My goats still usually go for the hay, even though it's colder out. They love their food! 
Are your goats eating anything at all? Can you take their temperature?


----------



## themorethemerrier (Dec 15, 2015)

I just went out to check on them and not much had been eaten since this morning.  So, I took a flake of hay and sat down in the middle of them, put it in my lap and they all ate like crazy.  All of that was eaten and even more from the hay feeder.  So, they are eating, especially if I'm around.  And they eat leaves (raked up a bunch and bagged them for winter treats) and pellets whenever given.


----------



## BlessedWithGoats (Dec 15, 2015)

That's encouraging that they were eating!  They just want you to hand feed them!  Silly girls!

@Goat Whisperer @goatgurl ? Tagging some more people that will hopefully have an idea on why they're acting like this.


----------



## OneFineAcre (Dec 15, 2015)

In general, mine tend to eat more hay when it's colder.

However, they tend to eat less when they are cooped up inside because of bad weather outside.  Here that is usually rain.


----------



## themorethemerrier (Dec 15, 2015)

Maybe that's what it is...and by me coming out to the barn for a visit, their "moods" improved and they decided eating was a good idea after all.  Yeah, don't have problems with them eating when the barn is opened up and they can come and go.  Hard to do that with such cold temps and horizontal snow!  OneFineAcre, you may have hit on something there!!  Perhaps I just need to visit more often when the weather is crummy and the kids are confined to make the barn less boring.  I will try that...plus, makes my work day better too!


----------



## OneFineAcre (Dec 15, 2015)

themorethemerrier said:


> Maybe that's what it is...and by me coming out to the barn for a visit, their "moods" improved and they decided eating was a good idea after all.  Yeah, don't have problems with them eating when the barn is opened up and they can come and go.  Hard to do that with such cold temps and horizontal snow!  OneFineAcre, you may have hit on something there!!  Perhaps I just need to visit more often when the weather is crummy and the kids are confined to make the barn less boring.  I will try that...plus, makes my work day better too!



I bet thats it.


----------



## themorethemerrier (Dec 15, 2015)

Thanks, all!!  I love knowing that if I have a question/concern, you all are so good to respond quickly and wisely!


----------



## Southern by choice (Dec 15, 2015)

Interesting. Ours eat more when it is cold ... they eat the same in or out but it could be that our barn has a loafing area that is like being "out"... very possible being locked in caused the disinterest.

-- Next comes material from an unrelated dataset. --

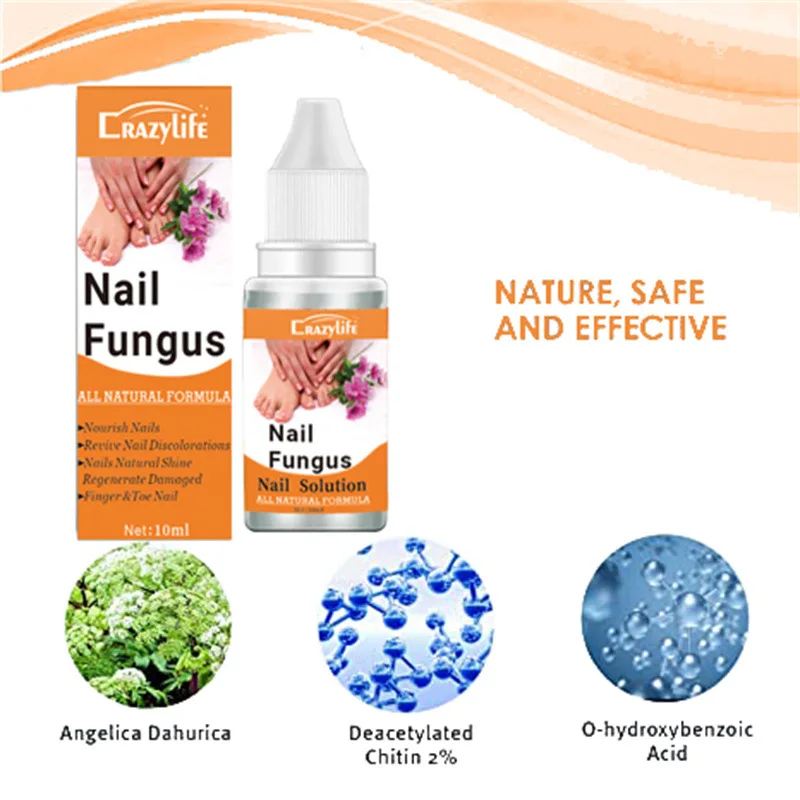 Arishine Fungus Treatment, Fungus Stop, Anti Fungus Nail Treatment,  Effective Against Nail Fungus, Anti Fungal Nail Solution, Beauty & Personal  Care, Hands & Nails on Carousell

Then again Sunday it was 74 degrees here and they ate MORE than usual. 

Goats!


----------



## Mini Horses (Dec 15, 2015)

If their light is very low in the barn, it may make them think it's bedtime and they just snuggle & sleep!    I don't know how your barn is but, just a thought.   My barn is heavy with windows and my goats eat all the time EXCEPT when it starts getting dark.


----------



## goats&moregoats (Dec 15, 2015)

Thinking it is the darkness (bedtime). Mine did that in last years shed when I closed them in. This year they have an open doorway (small, directed away from cold winds) they go in and out as they choose and eat constantly it seems. I think I could fill their barn with hay and they would have it gone the next day!  exaggerating of course.  Now it has not gotten cold here in the part of Vermont I am in (as of yet), but last winter the only time they slowed down on eating was when they were closed in for coldest over nights. During the day their door was opened just enough for them to go in and out.


----------